I miss waking up to see your little face. I miss being able to check on you constantly throughout the night, to rest my hand on your little tummy and feel it rise and fall. I miss you curled up next to me. I am literally a creepy stalker who is obsessed with you (I’ve realized parents=total creeps about their own children) and it physically hurt at first to go 12 hours away from you, even though you were just in the next room. Even though I spent the other 12 hours of the day with you, even though I may have done a happy dance when you fell asleep on your own, even though I love to have time with just your dad again, the nights felt like far too much time away. But I’m adjusting. You handled this transition with ease and acted like sleeping through the night in your crib was no big deal at all. It was much, much harder on your mom. Which I think is probably how parenting goes, your baby ready for change and independence, the parents hopelessly clinging on to the past.
But enough about the big philosophical parenting things. I know you’re already bored. You have become the most fun lately. I mean to be fair you can still be an enormous crank. Your crabby days are trying. But when you’re happy you are like the human embodiment of a sun beam. You warm up the entire room and make everything brighter. Your smile is as always, just the best. You are SO expressive, about everything. You don’t seem to experience life mildly or passively. You are IN IT. Big time. And you are so curious and alert about the world around you.
And the world finds you adorable. I can’t bring you into a public place without being stopped multiple times by people. There’s no stranger danger yet, so your favorite trick is to crack a wide, goopy grin at people who stop us out in public and really turn up the charm. It kills. You are routinely called “beautiful” and “adorable” by complete strangers. Enjoy this phase in life. But don’t let it go to your head kid.

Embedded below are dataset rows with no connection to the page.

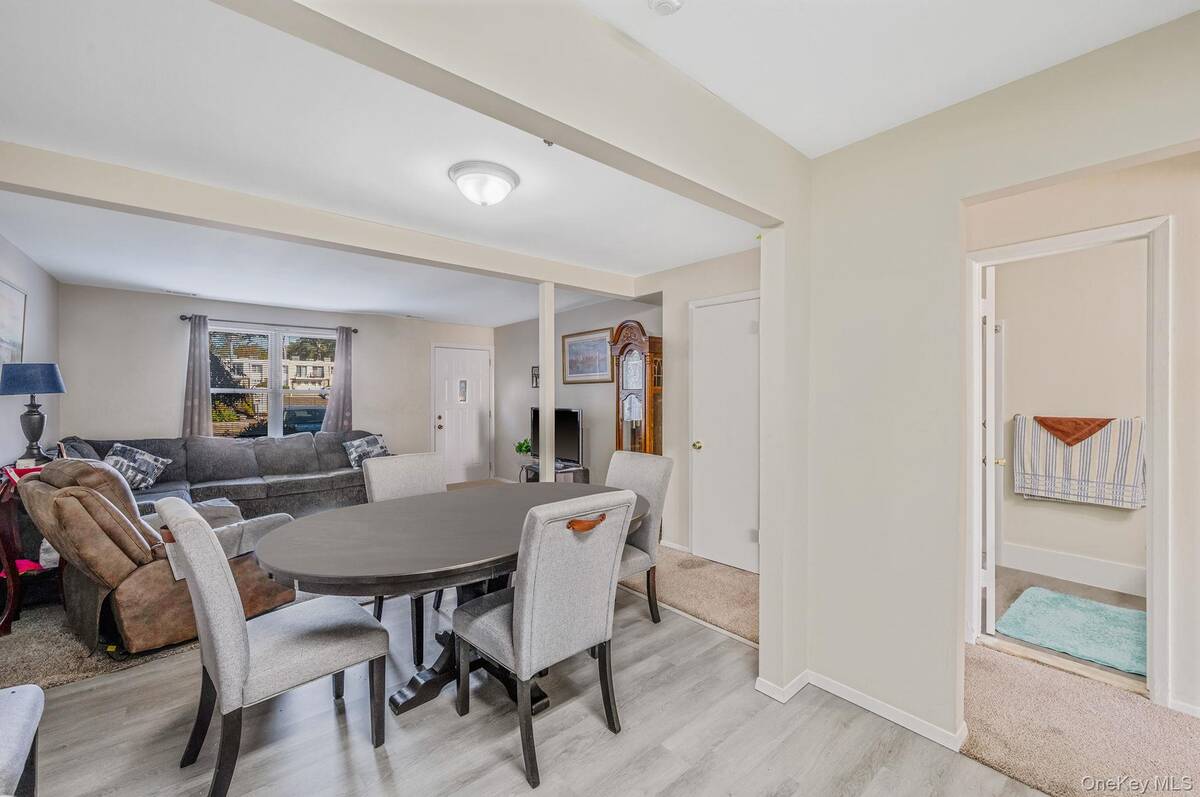 #10 photo, 63 Rocky Point Yaphank Road, #80, サフォーク郡 Rocky Point , NY 11778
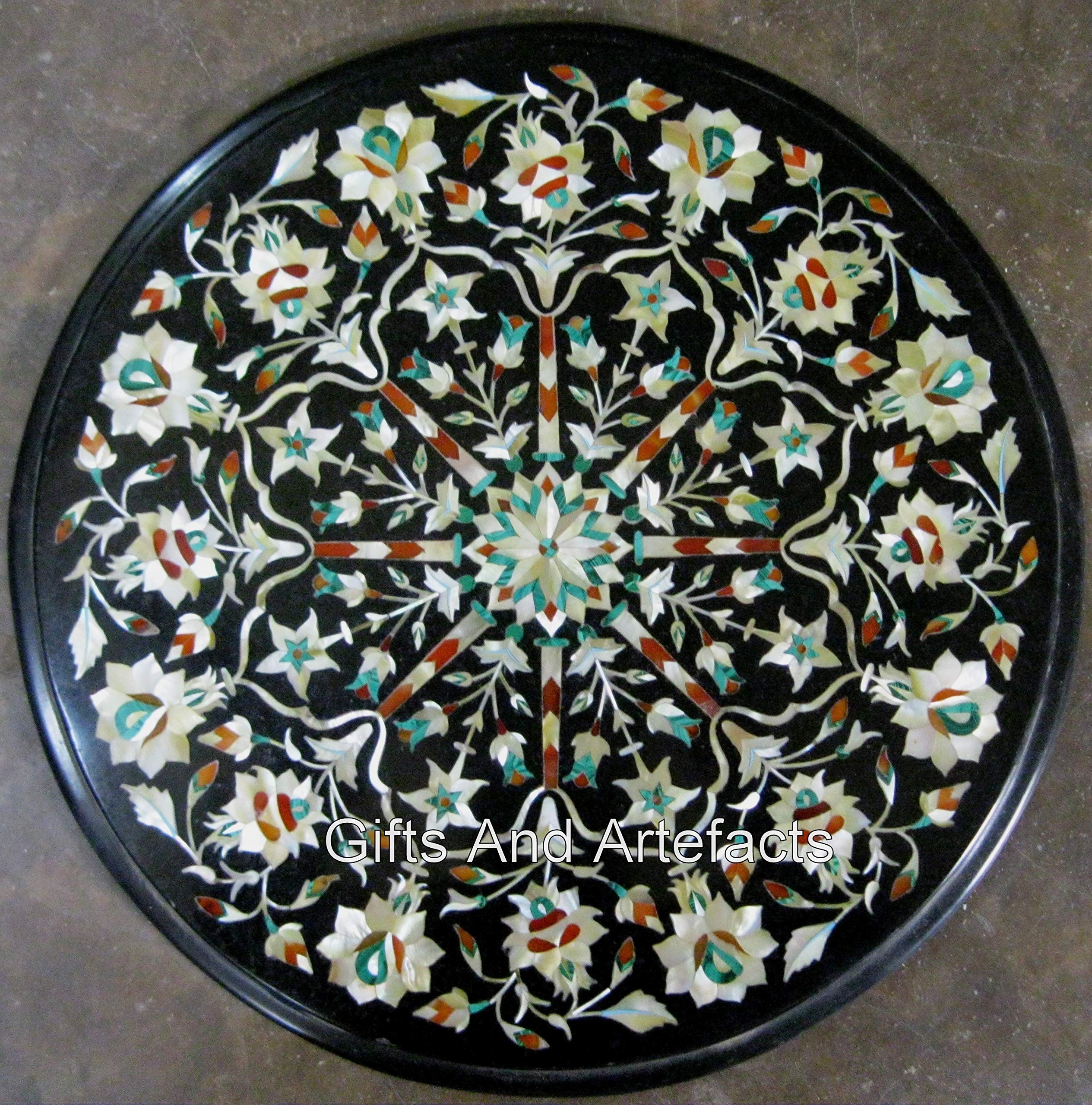 Table d'appoint de lit en marbre noir pour une ambiance de chambre sereine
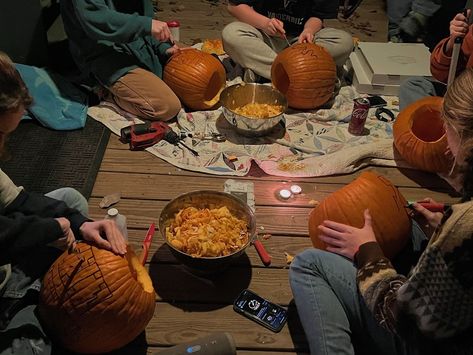 Pumpkin Carving With Friends, Fall Nostalgia Aesthetic, 2000s Fall Aesthetic, Fall Party Aesthetic, Autumn With Friends, Summerween Aesthetic, Halloween Sleepover, Fall Boards, Carving Pumpkins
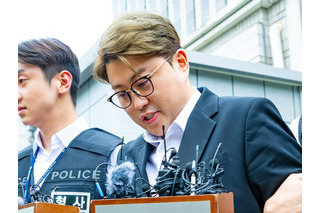 飲酒運転で当て逃げ→マネージャー生贄で服役中の韓国歌手、偽ニュース騒動で“獄中書簡”が再注目 画像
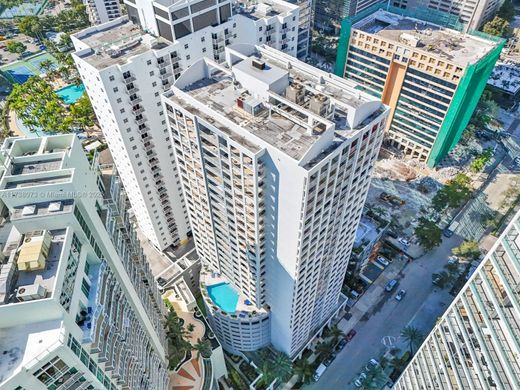 Komplex apartman Miami, Miami-Dade County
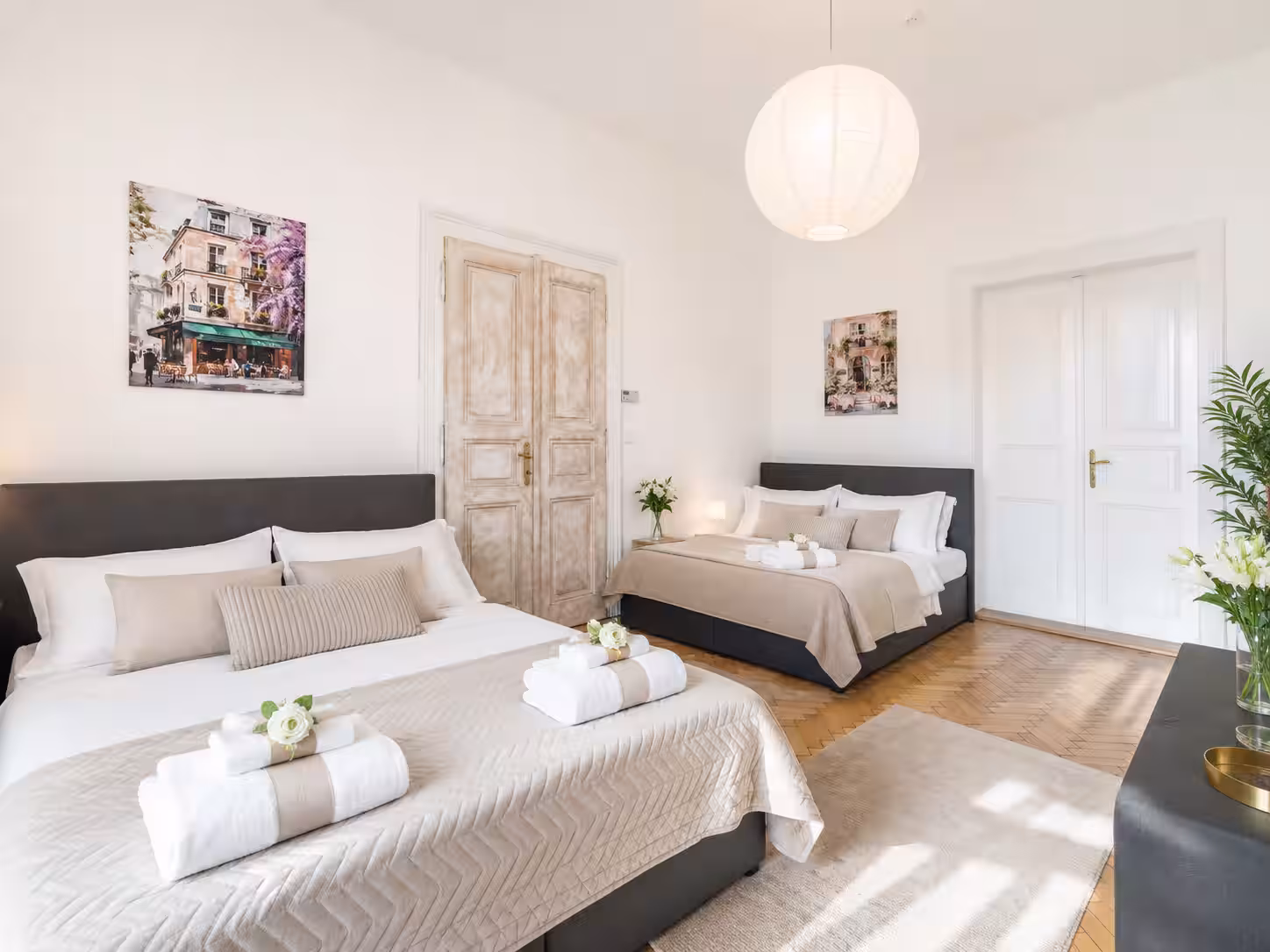 Old Town Residence · 37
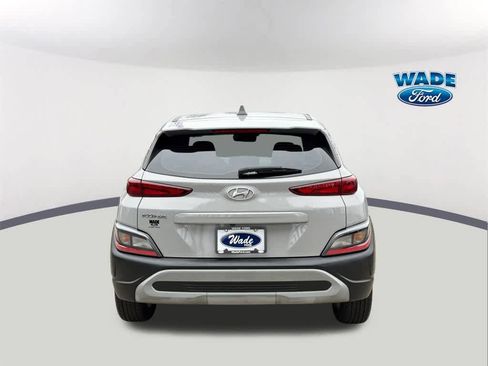 Used 2022 Hyundai Kona SE image 6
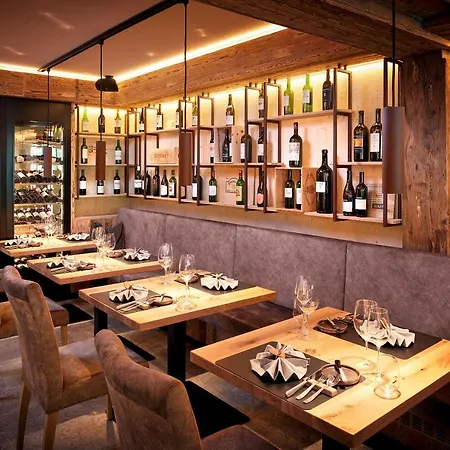 Chalet Resort Sölden *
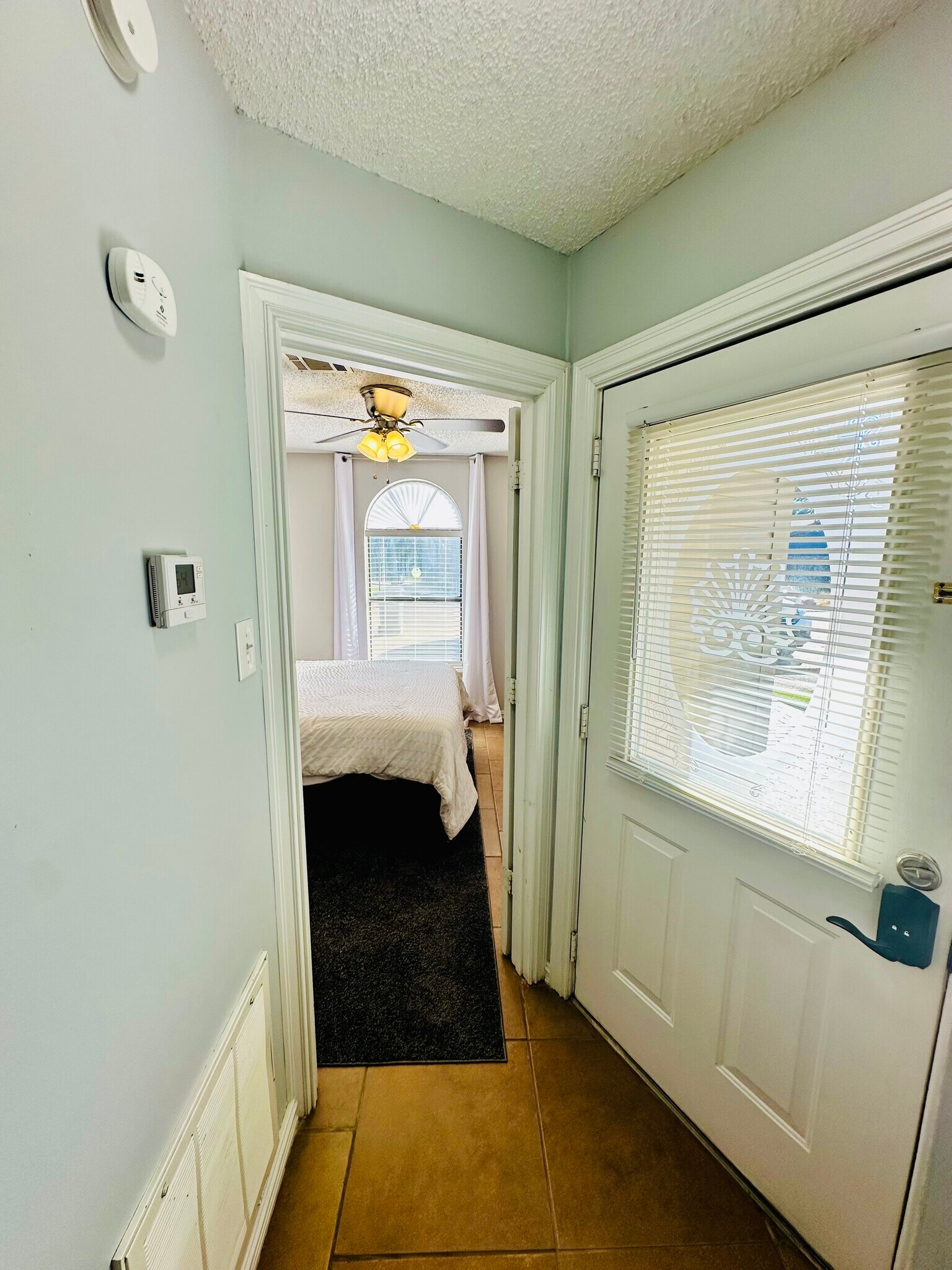 Building Photo - 110 Willow Branch Dr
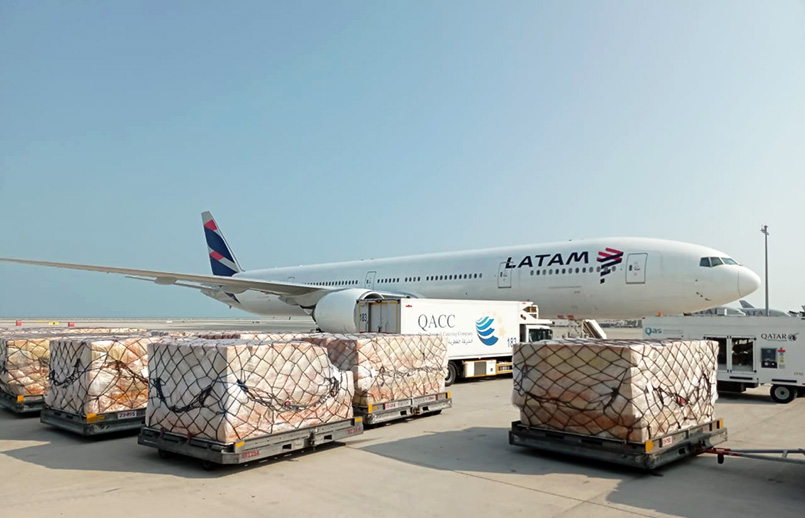 Boeing 777-300ER de LATAM Airlines en Doha, Qatar.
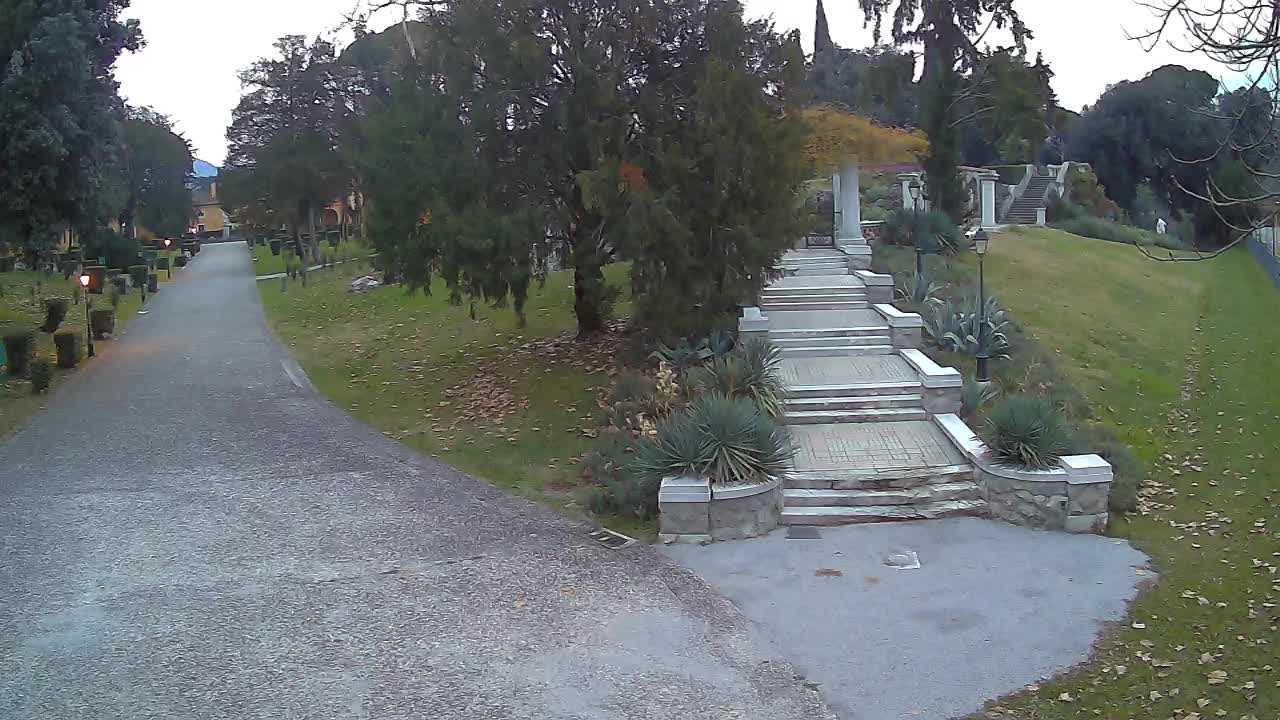 Spletna kamera park Coronini Kronberg – Gorica
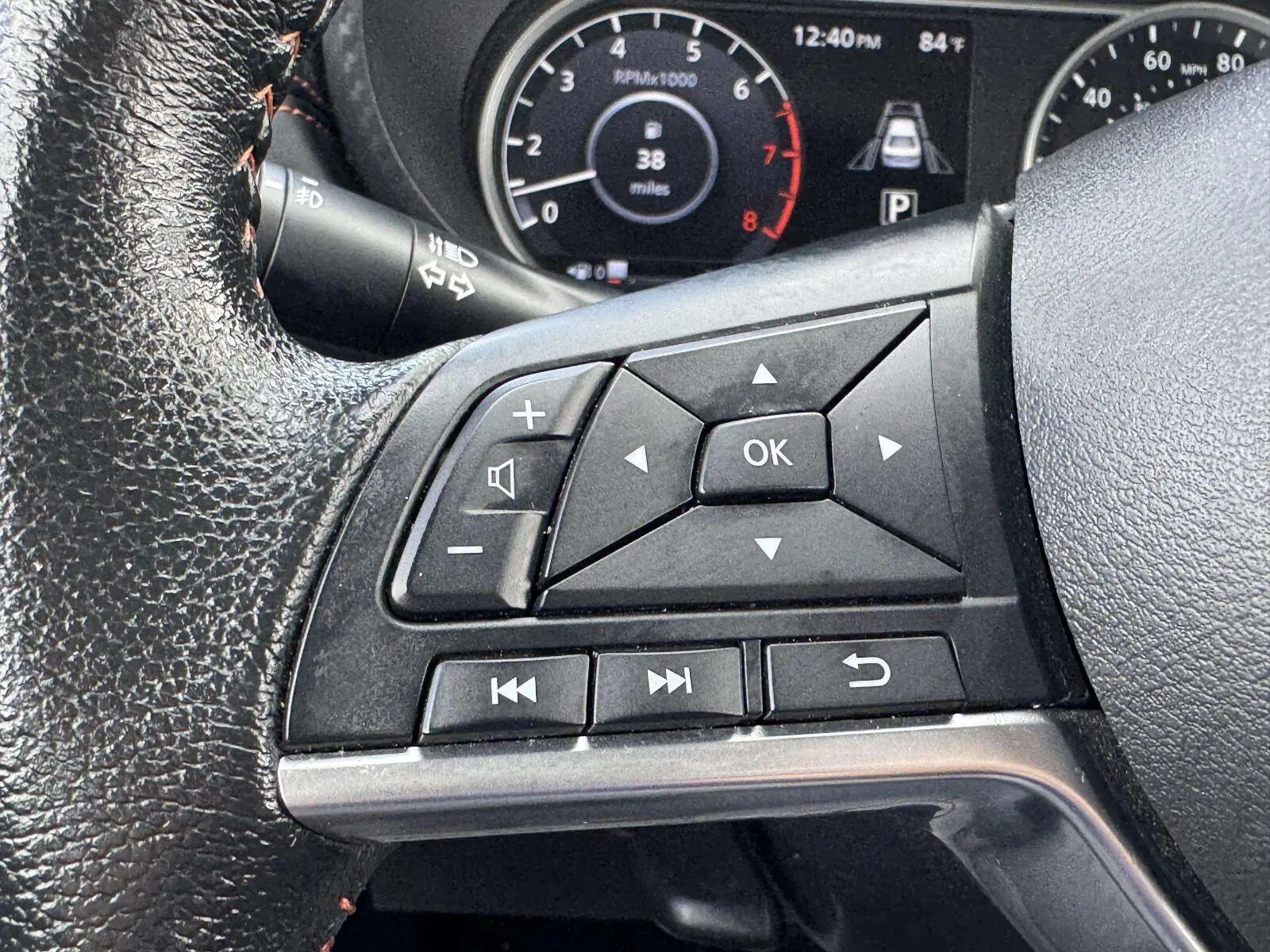 Nissan Versa photo 22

Even though you’re not quite to the separation anxiety stage, you are starting to show some awareness that mom and dad are separate from you and can leave you. You don’t like us walking away from you across a room, and sometimes now you will cry if handed off to a different adult. And you know what, I realize now as a parent that we LIVE for that stuff. We pretend to be all “oh no, separation anxiety, it’s the pits”, but it’s not. It’s everything. It is like parental crack to have your baby show blatant preference for you, because for the first 6 months we get nada. We need to be needed. It feeds our souls.
You grab everything. You can sit up as long as you are propped and surrounded by a pillow fort for when you topple over.
You are still stubborn as a mule.
Just in the last few days you have started to occasionally rest your head on my shoulder when I’m holding you. I’m not sure if I’ve ever felt something as sweet as the feel of your little head on my shoulder, your hand lightly clenching my arm.
I’m going to tell you this every month, and it’s going to get really old, but you are so, so, so very loved. Every molecule of you is loved by so many. You are the best thing your parents have ever done. We are just crazy about you my little monkey.
You are six months old. And you now have my permission to stop growing.